Problem details
Give the lines again exactly as they appear below, from the line with "GORILLA SPORTS Langhantel" to the line with "表2 测量模型的检验结果", both included, and only those lines. Leave every picture out.

Supplied material
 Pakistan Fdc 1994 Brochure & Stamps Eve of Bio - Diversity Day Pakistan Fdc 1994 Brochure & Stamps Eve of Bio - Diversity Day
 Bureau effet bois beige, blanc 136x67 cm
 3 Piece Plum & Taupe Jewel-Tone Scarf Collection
* * *
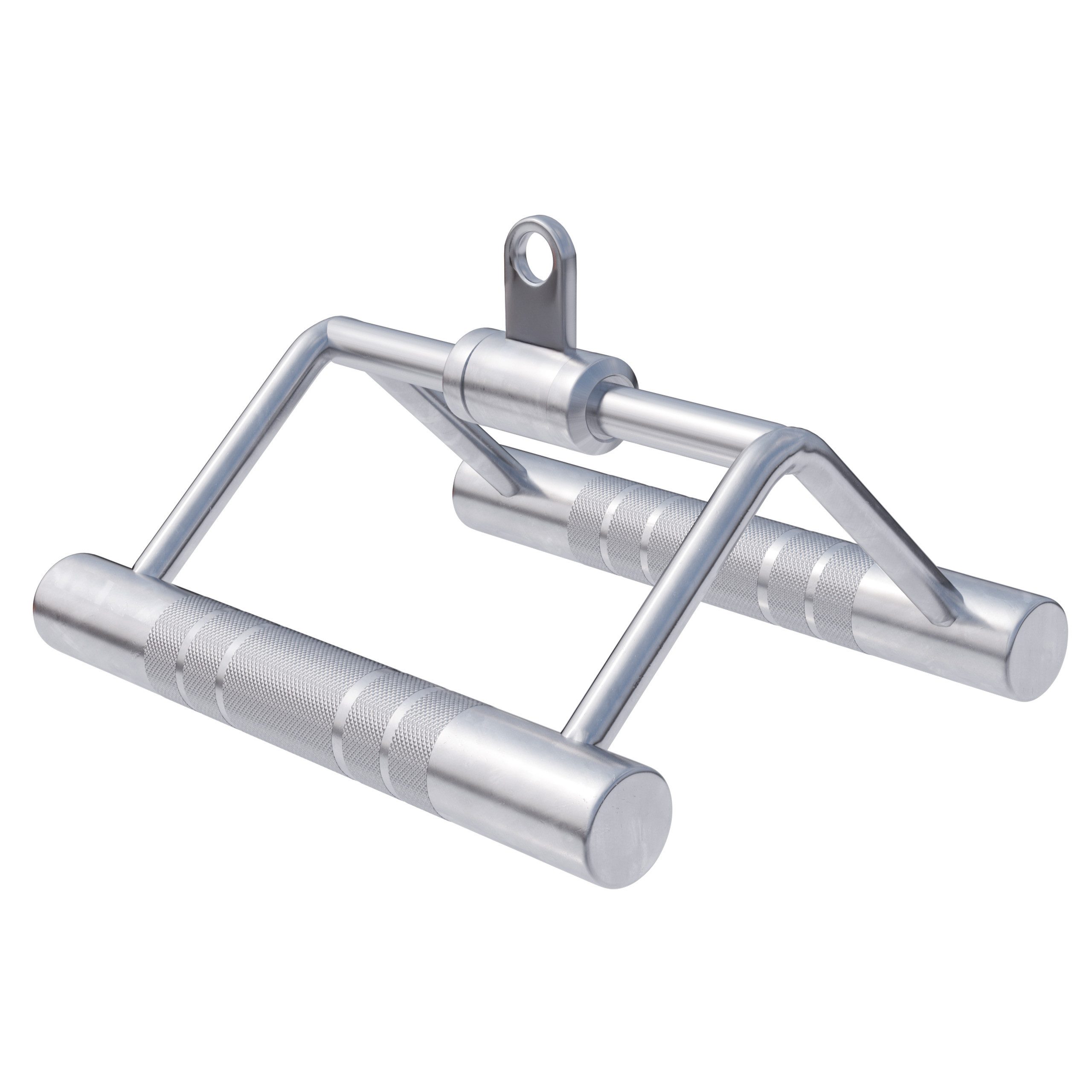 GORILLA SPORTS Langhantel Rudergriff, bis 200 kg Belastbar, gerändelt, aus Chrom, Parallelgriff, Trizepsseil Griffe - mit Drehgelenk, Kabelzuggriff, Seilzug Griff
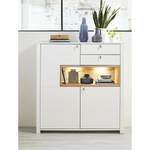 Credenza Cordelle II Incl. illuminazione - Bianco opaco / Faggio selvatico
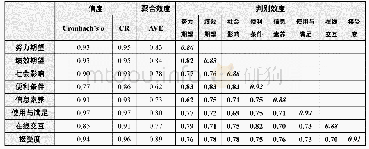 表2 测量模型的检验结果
* * *
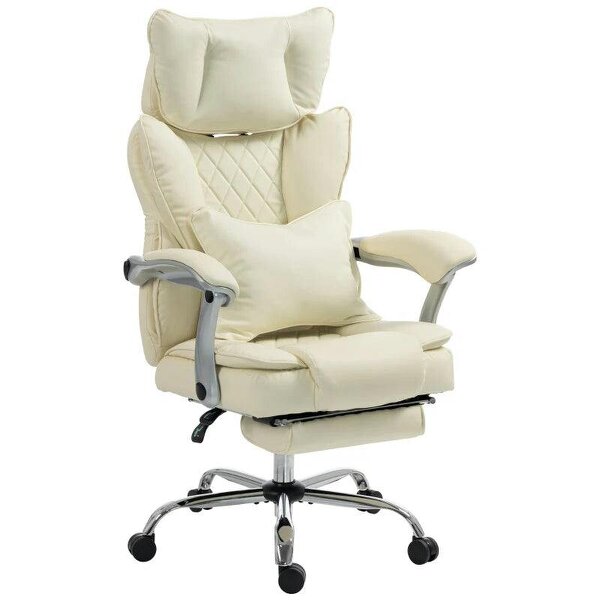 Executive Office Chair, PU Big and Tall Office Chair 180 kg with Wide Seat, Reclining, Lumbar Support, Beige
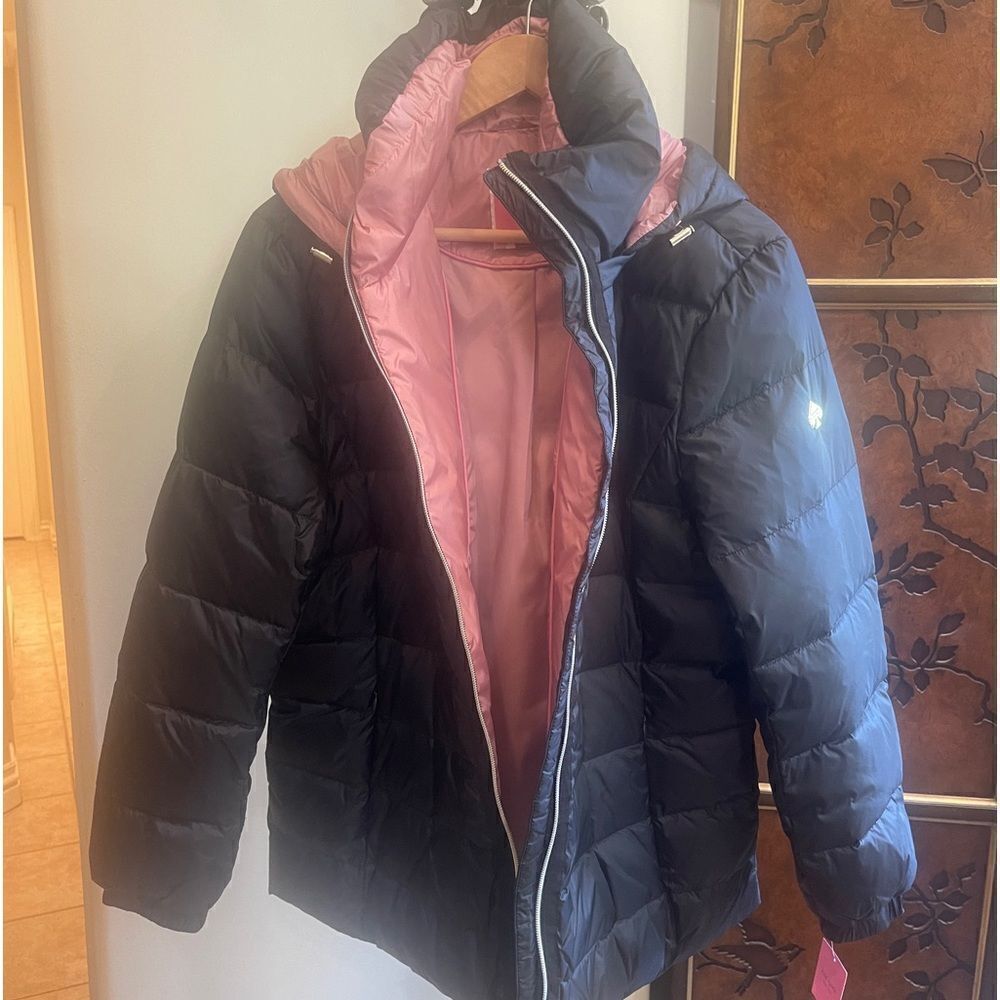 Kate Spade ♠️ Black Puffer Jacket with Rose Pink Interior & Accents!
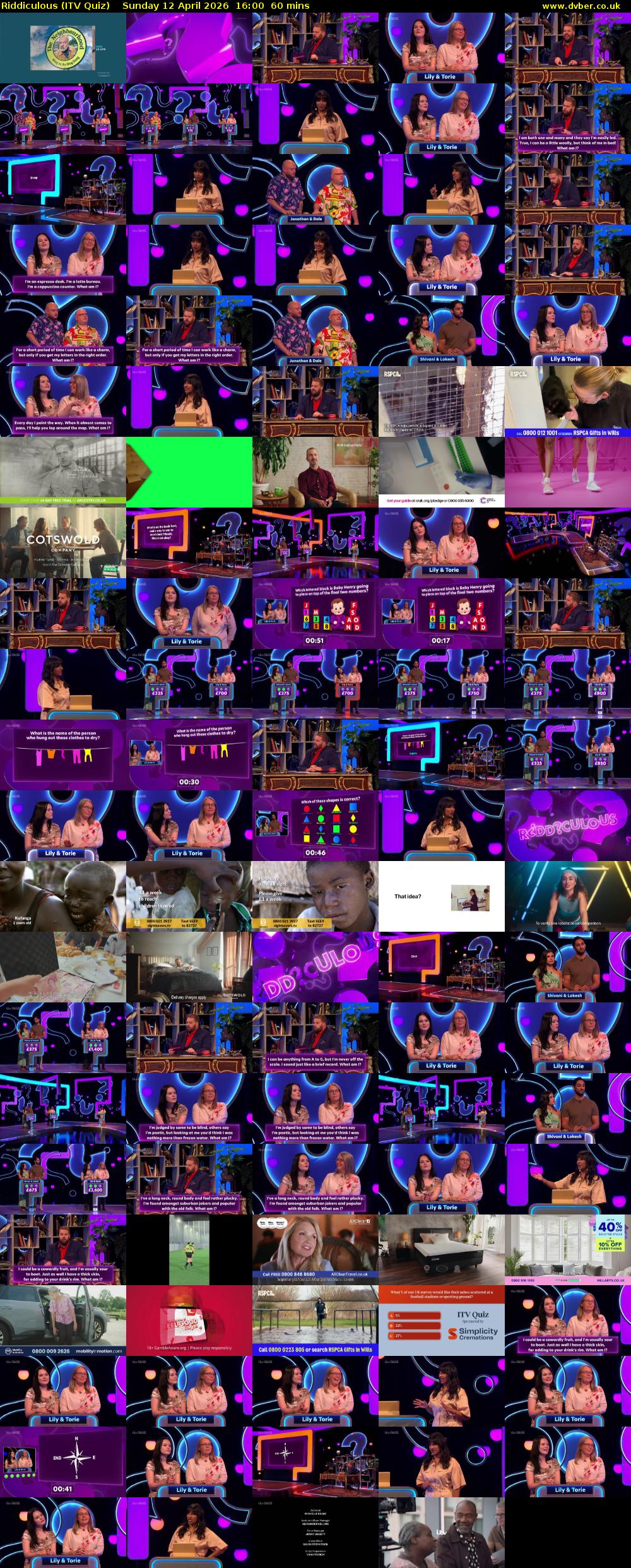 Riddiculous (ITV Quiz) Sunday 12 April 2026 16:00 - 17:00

Response to the exercise
 GORILLA SPORTS Langhantel Rudergriff, bis 200 kg Belastbar, gerändelt, aus Chrom, Parallelgriff, Trizepsseil Griffe - mit Drehgelenk, Kabelzuggriff, Seilzug Griff
 Credenza Cordelle II Incl. illuminazione - Bianco opaco / Faggio selvatico
 表2 测量模型的检验结果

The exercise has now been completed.